**Exercise data:**
━━━━━━
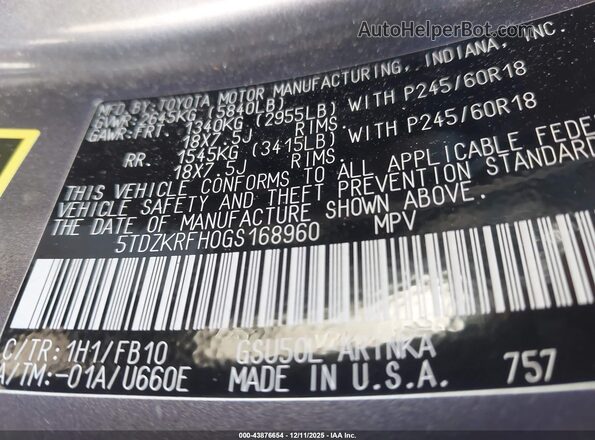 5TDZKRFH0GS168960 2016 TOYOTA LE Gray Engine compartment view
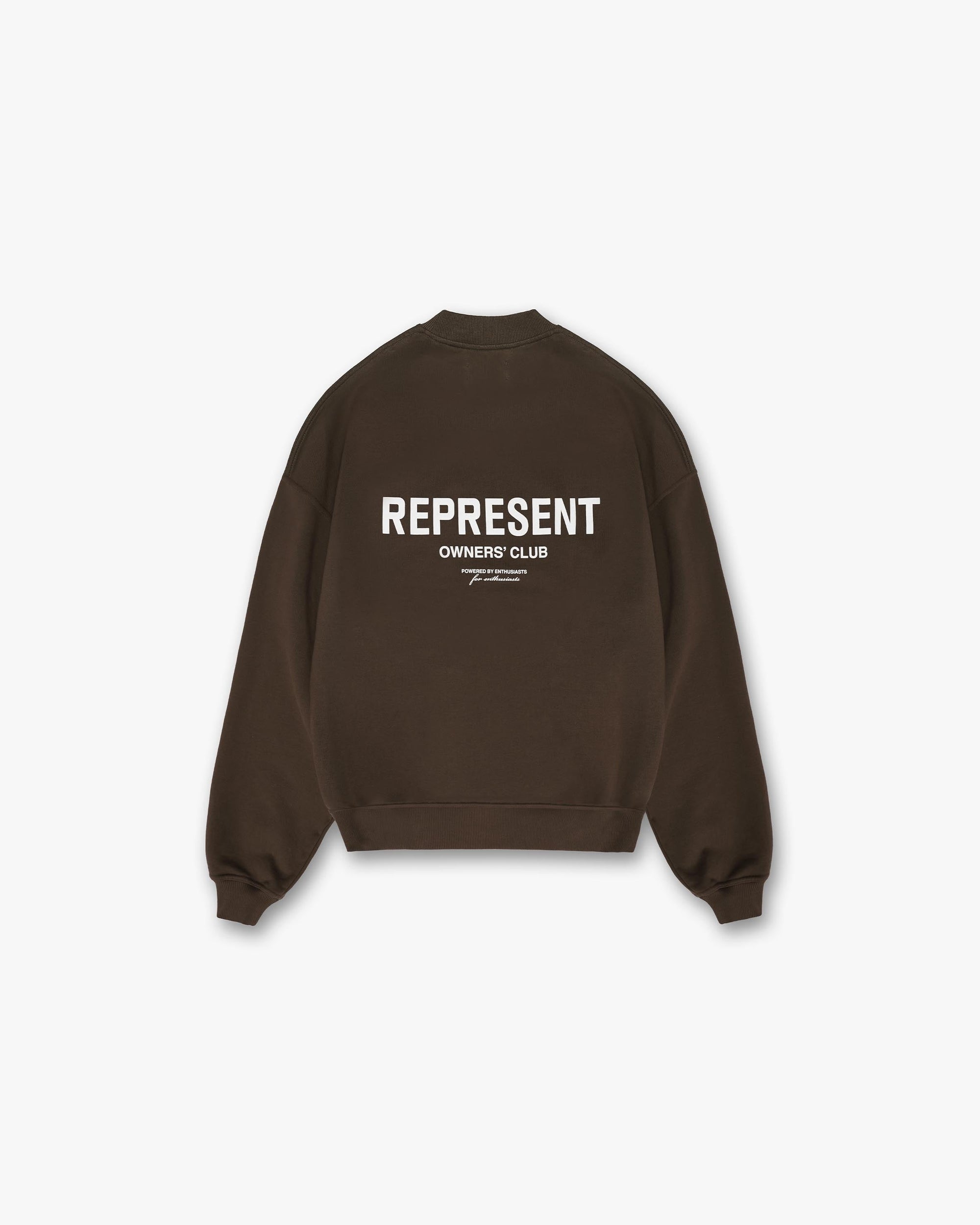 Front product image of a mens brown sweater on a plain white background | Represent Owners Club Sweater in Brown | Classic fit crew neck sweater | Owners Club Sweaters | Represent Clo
━━━━━━
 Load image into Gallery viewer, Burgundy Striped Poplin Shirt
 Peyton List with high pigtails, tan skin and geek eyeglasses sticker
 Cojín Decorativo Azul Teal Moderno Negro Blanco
━━━━━━
**Work task:** Among the entries above, find the line with "5TDZKRFH0GS168960 2016 TOYOTA" and repeat exactly from there through the line with "Front product image", leaving out the pictures.

**Solution for this exercise:**
 5TDZKRFH0GS168960 2016 TOYOTA LE Gray Engine compartment view
 Front product image of a mens brown sweater on a plain white background | Represent Owners Club Sweater in Brown | Classic fit crew neck sweater | Owners Club Sweaters | Represent Clo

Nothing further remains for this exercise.